Six weeks after the assassination of journalist Jamal Khashoggi at the Saudi consulate in Istanbul, the CIA says it has concluded that responsibility for ordering the hit goes to the very top—Saudi Crown Prince Mohammed bin Salman. The Washington Post reports the American intelligence agency had received new information that bolstered its hypothesis that the crown prince likely signed off on the operation that saw a team of 15 Saudi agents fly to Turkey ahead of the murder.

In addition to audio recordings from inside the Saudi consulate during the murder of Khashoggi, the Post reports the CIA included in its assessment a phone call made by the crown prince’s brother, Khalid bin Salman, who is also the Saudi ambassador to the United States. Khalid called Khashoggi, and during the exchange, he reportedly assured the Washington Post columnist that he would be safe to go to the Saudi consulate to pick up documents he needed for his upcoming marriage to a Turkish woman. The Post notes it’s not clear if Khalid knew that Khashoggi would be murdered once there, but he made the call at the crown prince’s direction. A recording of a phone call made from inside the consulate immediately after the killing by a security official often seen by the crown prince’s side to one of his top aides in Riyadh saying “tell your boss … the deed is done” further bolstered the working assumption that Crown Prince Mohammed was aware of the operation.

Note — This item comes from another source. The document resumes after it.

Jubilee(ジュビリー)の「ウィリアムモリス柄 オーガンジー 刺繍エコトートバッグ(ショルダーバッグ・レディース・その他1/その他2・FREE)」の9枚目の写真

The Trump administration, which imposed sanctions Thursday on 17 Saudis involved in the Khashoggi assassination, has struggled to come up with a coherent response to the Saudi regime’s awkwardly evolving story about what happened and why. This week, the Saudi government announced charges against 11 alleged participants in the murder; the state prosecutor said he would seek the death penalty in five of those cases. The move seems more aimed at creating the appearance of punishment, an institutional deflection of responsibility from the very top, than an actual attempt to get to the bottom of what happened, which doesn’t seem to be much of a mystery in Riyadh. Trump, who sees the crown prince as an ally and a trading partner and a like-minded chum somehow, very clearly wants to help inoculate him from fallout from the murder. The general belief across the Trump administration, including the CIA, is that it’s better to have Crown Prince Mohammed in charge in Saudi Arabia than the alternative. “The CIA sees Mohammed as a ‘good technocrat,’ the U.S. official said, but also as volatile and arrogant, someone who ‘goes from zero to 60, doesn’t seem to understand that there are some things you can’t do,’ ” the Post reports. “CIA analysts believe he has a firm grip on power and is not in danger of losing his status as heir to the throne despite the Khashoggi scandal.”

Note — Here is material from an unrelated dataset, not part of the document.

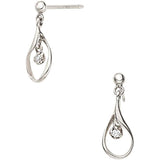 Vendome Aoyama Earrings K10 Pink Cold Swing Diamond Drop AJAA2217 DI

On Saturday morning, despite mounting evidence, Trump continued to run interference for the crown prince. “We haven’t been briefed yet. The CIA is going to be speaking to me today,” Trump told reporters Saturday morning at the White House before departing for California. “As of this moment we were told that he did not play a role. We’re going to have to find out what they have to say.”